Enhancing the shear strength of hollow-core slabs by using polypropylene fibres

Abstract

Experimental and numerical research studies demonstrated that the addition of fibres in correct proportions, enhances the shear behaviour of Reinforced Concrete (RC) elements, allowing to totally or partially replace the conventional web reinforcement. However, despite of this increase of knowledge about Fibre Reinforced Concrete (FRC), there is still a gap in the applicability of fibres as a shear reinforcement in certain prestressed structural elements where the use of conventional transverse reinforcement is difficult due to their manufacturing process, e.g. extruded elements in dry concrete.
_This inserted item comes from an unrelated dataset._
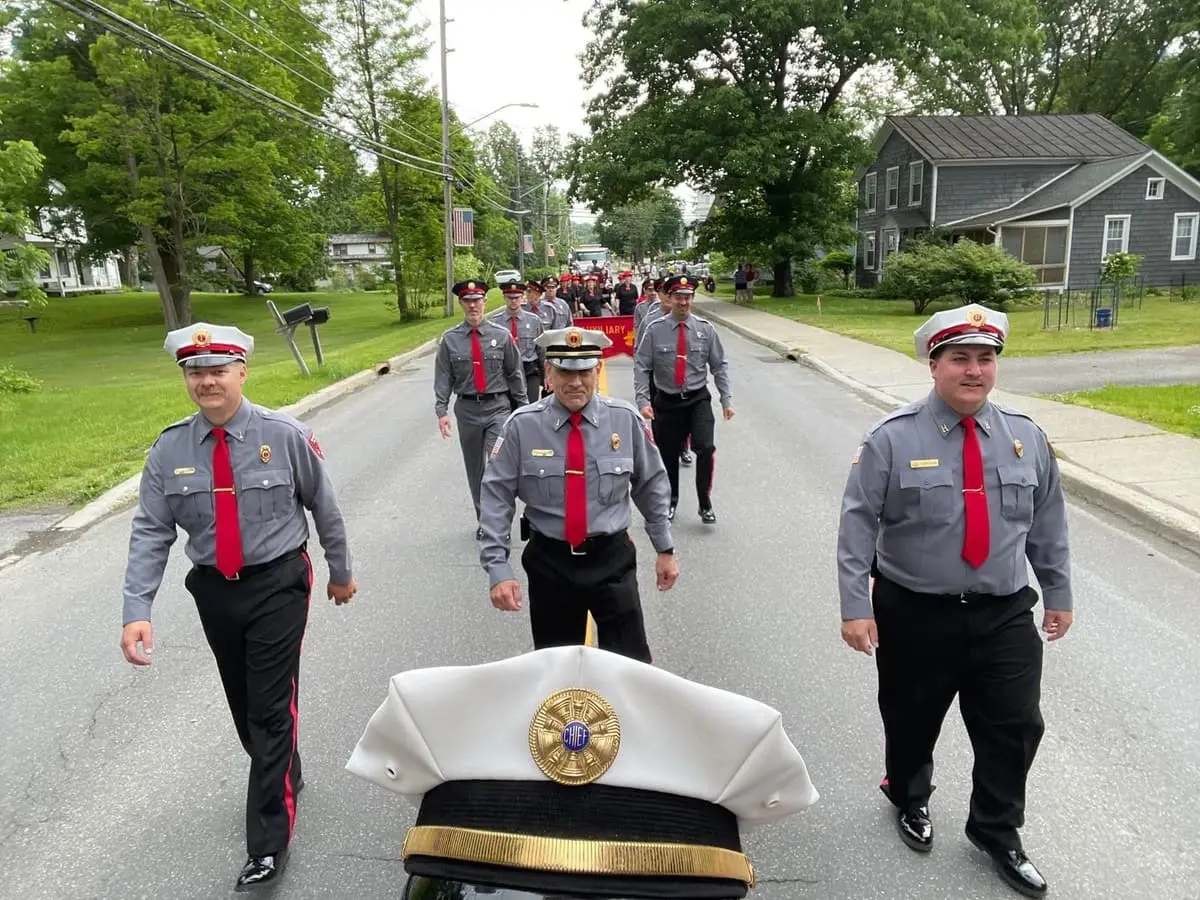 Parade View Over the Brass Bell — Looking over the hood of the 1928 American LaFrance following the Ghent color guard.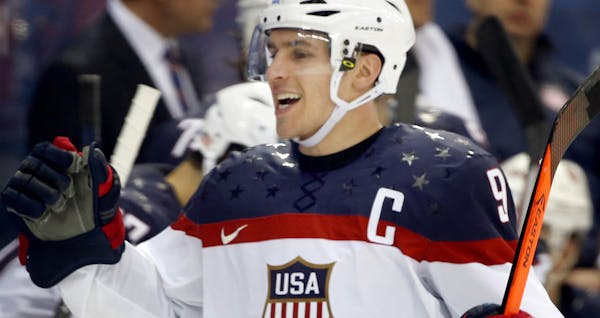 Zach Parise celebrated with teammates after he scored in the second period. USA beat Czech Republic 5-2.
In this context, the present paper evaluates the possibility of enhancing the shear strength of Hollow-Core Slabs (HCS) by using Polypropylene Fibre Reinforced Concrete (PFRC). HCS can be critical in shear at their end zones, since these zones are disturbed regions (already stressed in tension by splitting forces) in which the beneficial effects of the prestressing actions on the shear strength are not active yet. Five full-scale HCS (42 cm high, 120 cm wide and 600 cm long) were tested under shear loading (1 in RC and 4 in PFRC). Two tests were performed on each slab varying the shear-span-to-effective depth ratio (a/d = 2.8 according to EN1168 and a/d = 3.5). Results show that macro-synthetic fibres are able to improve the shear strength of hollow-core slabs of about 25%; furthermore tests according to EN1168 are more affected by arch actions as compared to a/d = 3.5. Finally, the comparison between experimental results and predictions of four international codes (Eurocode 2, ACI 318-14, Model Code 2010 and EN1168), highlighted the need of improving the actual shear formulations.